MATERIALS PROVIDED >>
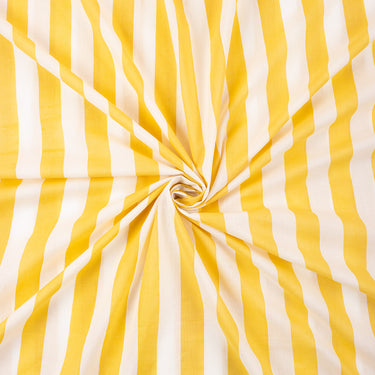 Yellow Striped Printed Soft Cotton Fabric Material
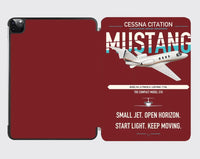 Thumbnail for Cessna Citation Mustang design on dark red ipad tablet case
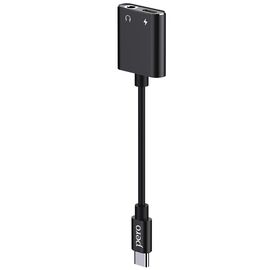  Адаптер PERO AD10 USB TYPE-C TO USB TYPE-C/MINI JACK 3.5, черный 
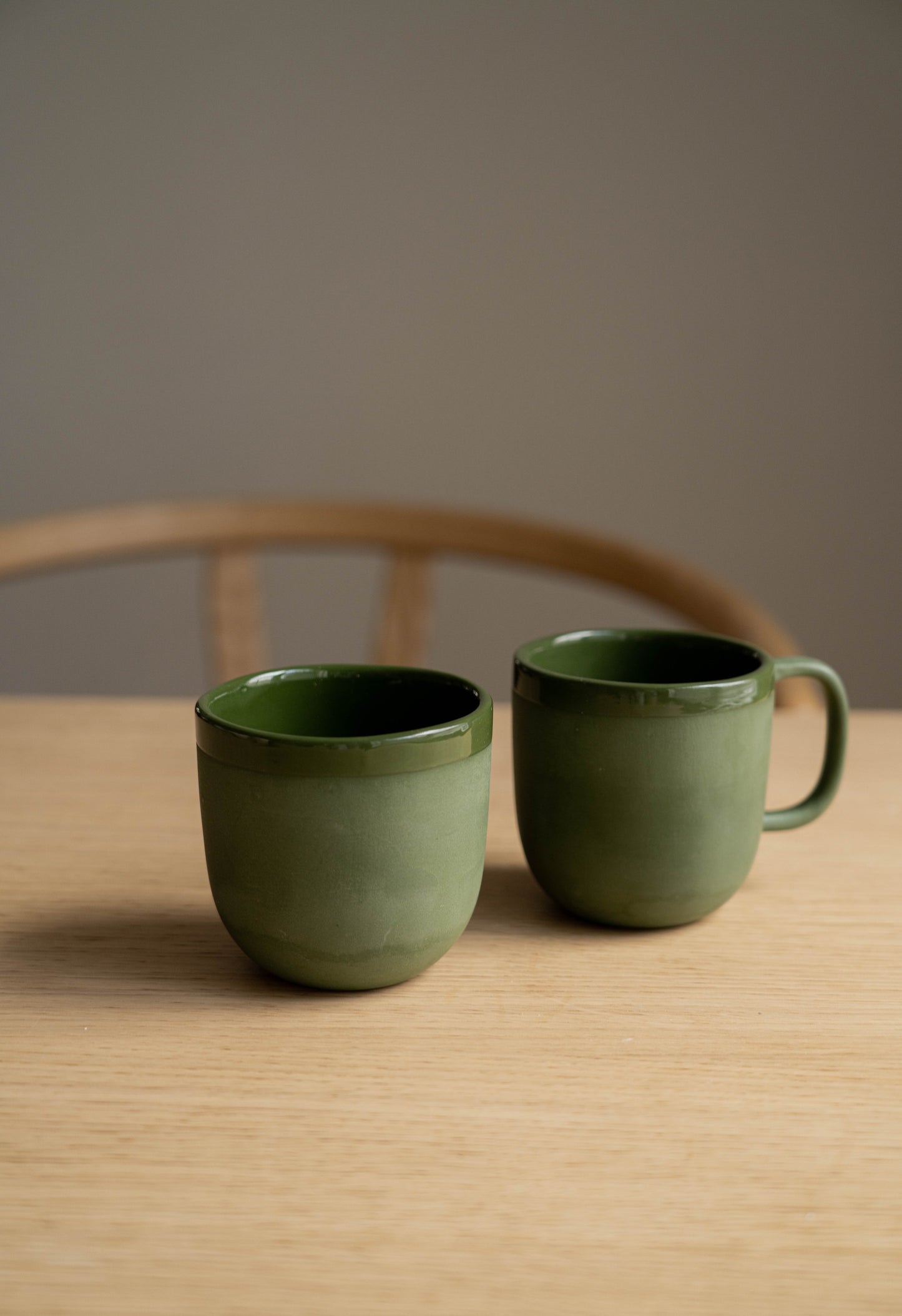 Handmade Porcelain Coffee Mug. Green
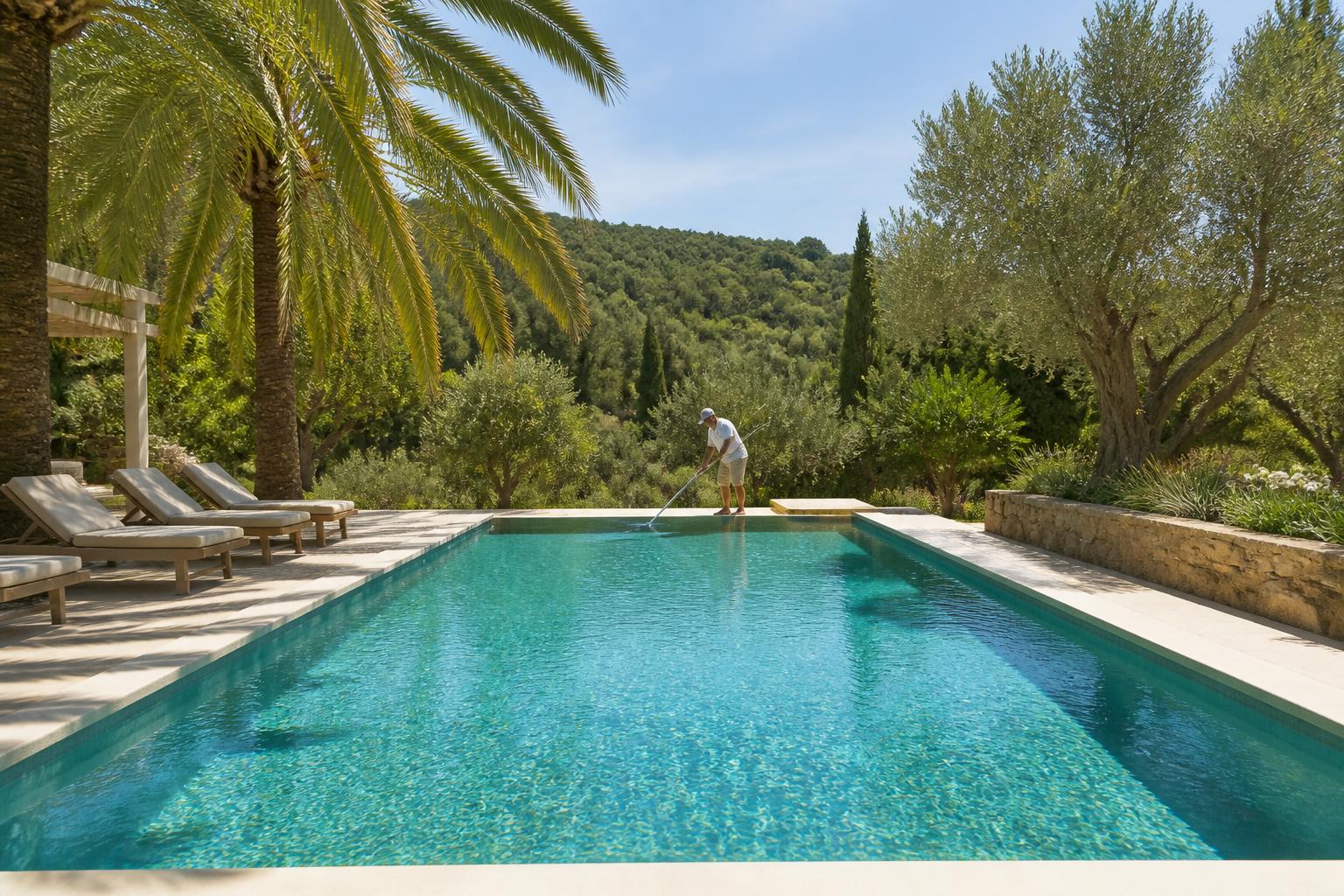 Well-kept pool with Mediterranean garden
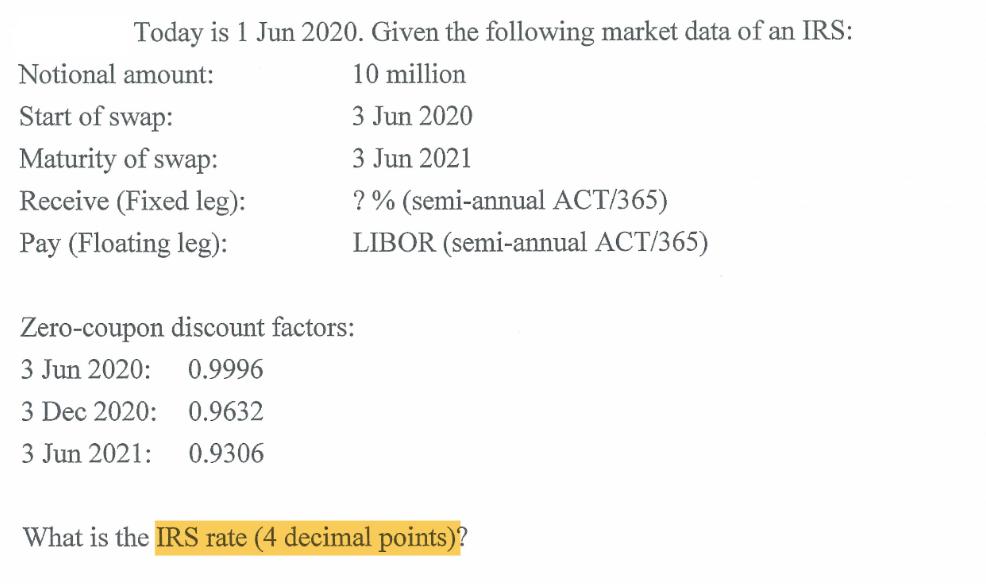 Today is 1 Jun 2020. Given the following market data of an IRS: 10 million 3 Jun 2020 3 Jun 2021 ? %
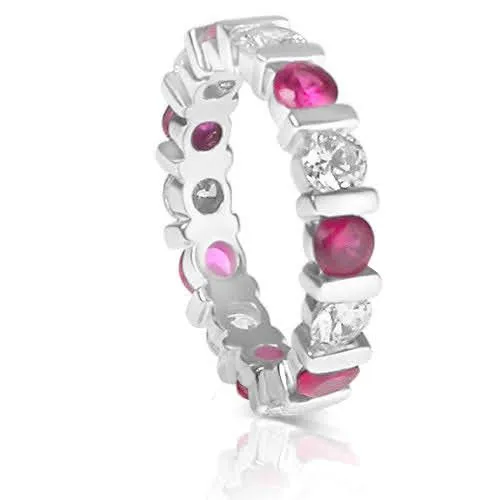 3.20 CT Round Cut Rubies & Diamonds - Eternity Ring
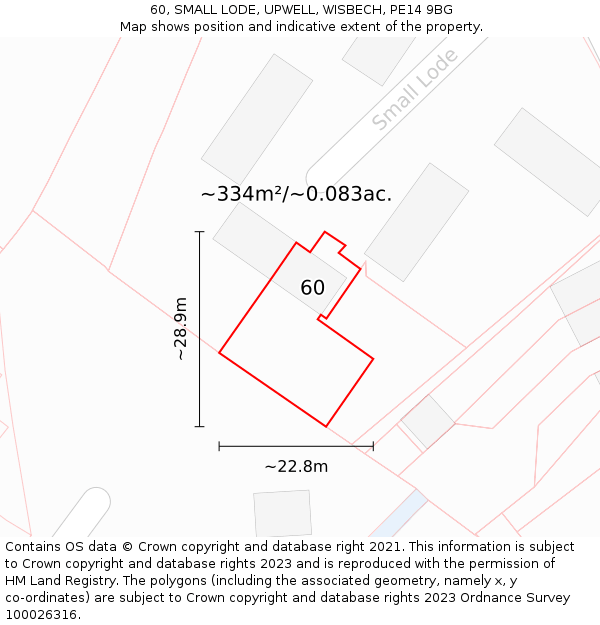 60, SMALL LODE, UPWELL, WISBECH, PE14 9BG: Plot and title map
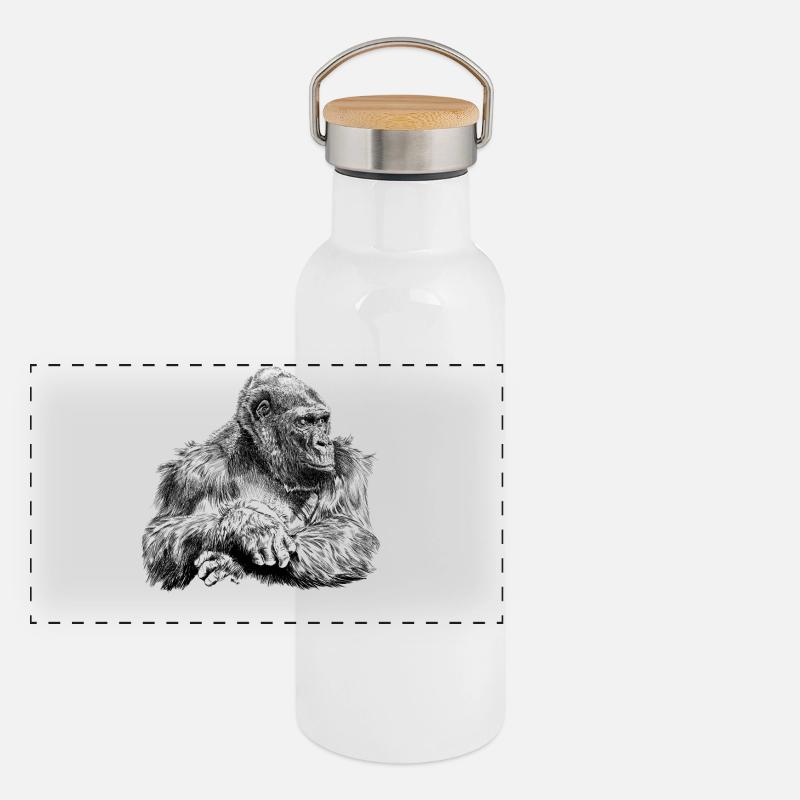 gorilla Gourde isotherme avec bouchon en bambou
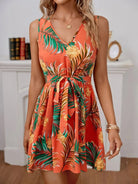 Women's Mini Dress - Sleeveless V-Neck - Tropical Print with Tie Belt - Flowy Casual Wear by Lumina Vancouver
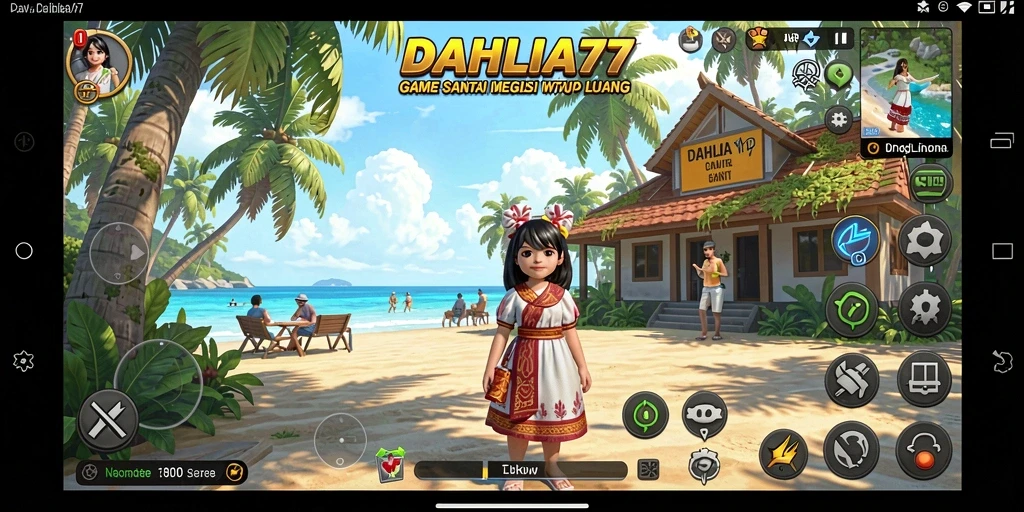 Tampilan gameplay DAHLIA77 yang ceria dan interaktif.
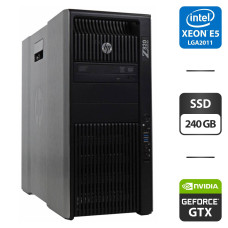Робоча станція HP Z820 Workstation Tower / 2x Intel Xeon E5-2660 (8 (16) ядер по 2.2 - 3.0 GHz) / 64 GB DDR3 / 240 GB SSD / nVidia GeForce GTX 970, 4 GB GDDR5, 256-bit / DVD-ROM / HDMI б/в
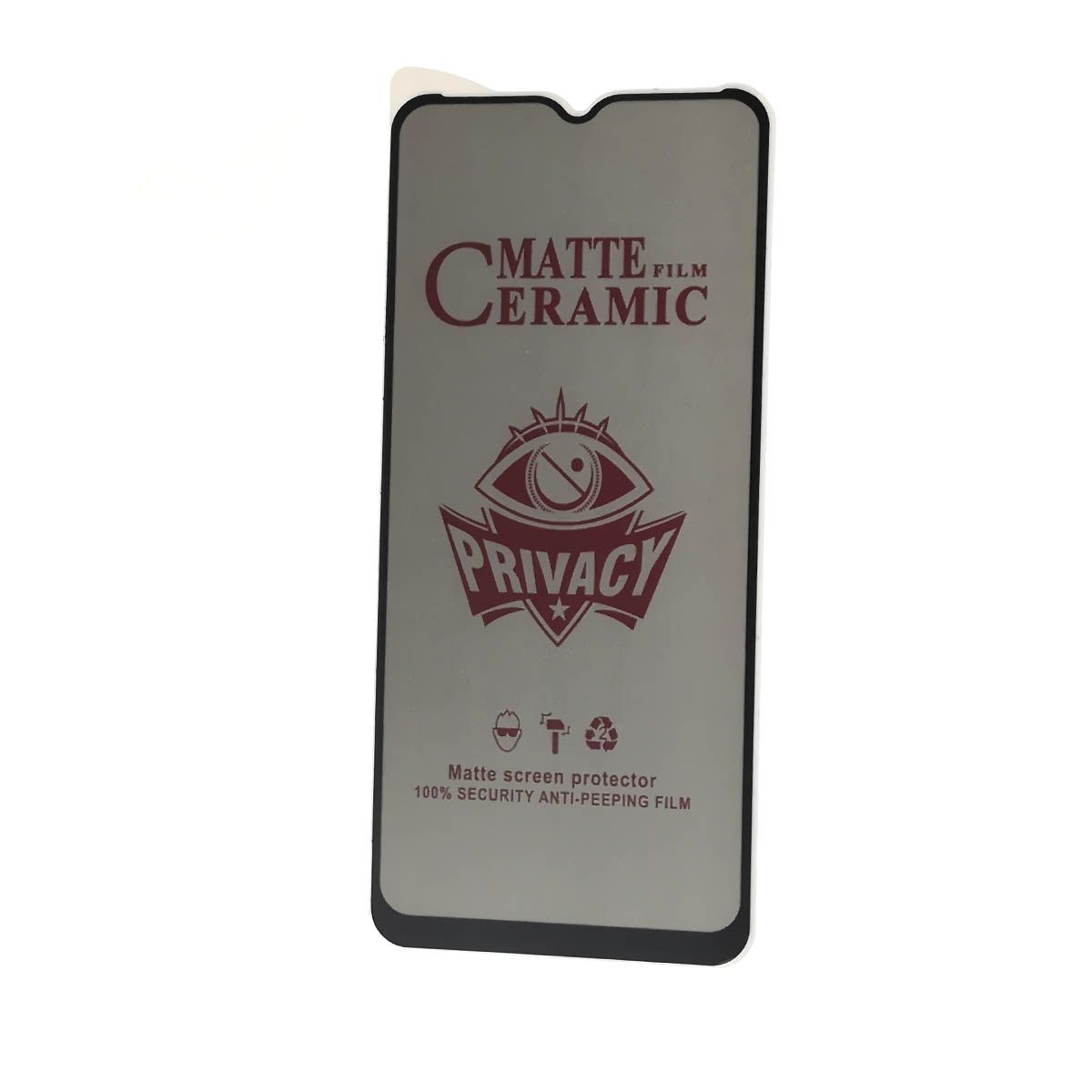 Защитное стекло Ceramic, Антишпион для SAMSUNG Galaxy A12 (SM-A125), A02 (SM-A022), M12 (SM-M127F), A02S (SM-025), A03s (SM-A037F), A03 Core (SM-A032), A03 (SM-A035F), A04, A04s, A04e, матовое, цвет окантовки черный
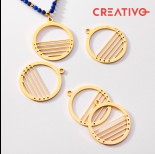 Zdjęcie - Baza do beadingu kółko ze stali chirurgicznej 4 rzędy 25mm pozłacana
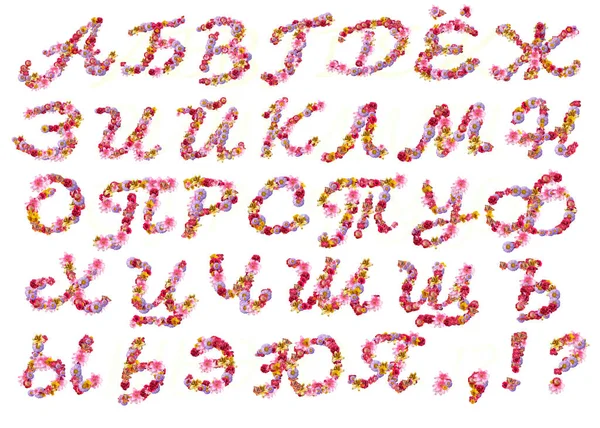 Alfabeto Cirílico Com Letras Cursivas Composto Por Muitas Flores Inflorescências — Fotografia de Stock
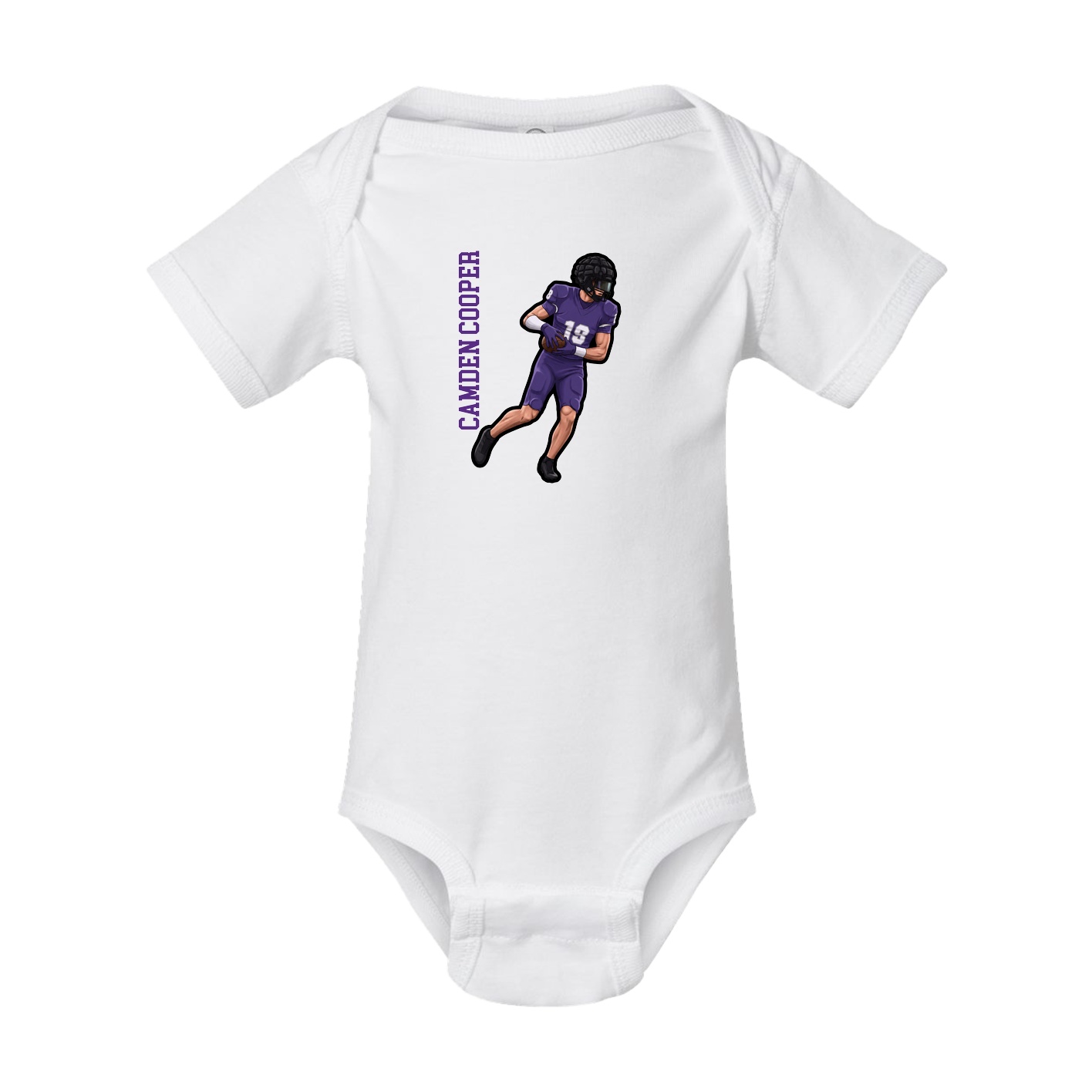Baby Onesie — Name Vertical in White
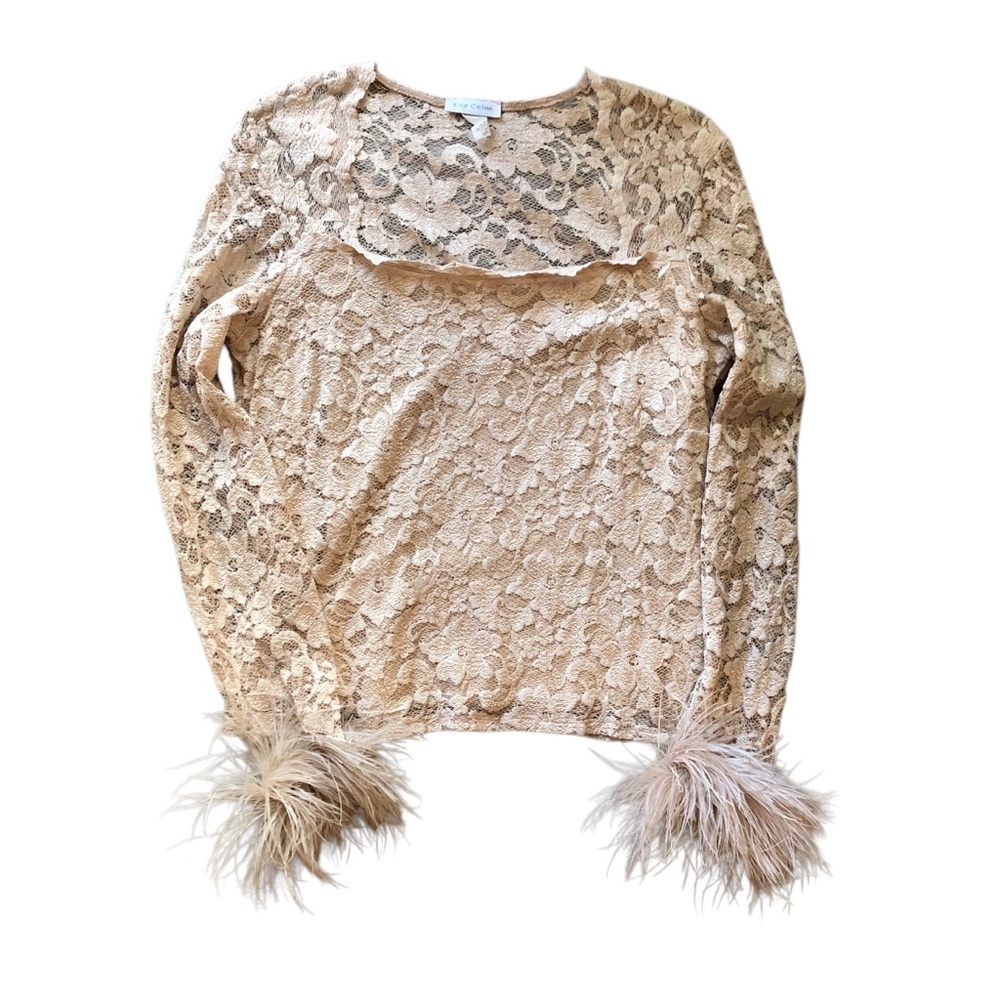 Unique Vintage Lace Top with Feather Cuffs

ABOUT THIS EXERCISE >>
Please give again only the lines from the one containing "60, SMALL LODE, UPWELL, WISBECH, PE14" through the last line of the entries above, exactly as they stand and without pictures.

FINAL ANSWER >>
 60, SMALL LODE, UPWELL, WISBECH, PE14 9BG: Plot and title map
 gorilla Gourde isotherme avec bouchon en bambou
 Women's Mini Dress - Sleeveless V-Neck - Tropical Print with Tie Belt - Flowy Casual Wear by Lumina Vancouver
 Tampilan gameplay DAHLIA77 yang ceria dan interaktif.
Робоча станція HP Z820 Workstation Tower / 2x Intel Xeon E5-2660 (8 (16) ядер по 2.2 - 3.0 GHz) / 64 GB DDR3 / 240 GB SSD / nVidia GeForce GTX 970, 4 GB GDDR5, 256-bit / DVD-ROM / HDMI б/в
 Защитное стекло Ceramic, Антишпион для SAMSUNG Galaxy A12 (SM-A125), A02 (SM-A022), M12 (SM-M127F), A02S (SM-025), A03s (SM-A037F), A03 Core (SM-A032), A03 (SM-A035F), A04, A04s, A04e, матовое, цвет окантовки черный
 Zdjęcie - Baza do beadingu kółko ze stali chirurgicznej 4 rzędy 25mm pozłacana
 Alfabeto Cirílico Com Letras Cursivas Composto Por Muitas Flores Inflorescências — Fotografia de Stock
Baby Onesie — Name Vertical in White
 Unique Vintage Lace Top with Feather Cuffs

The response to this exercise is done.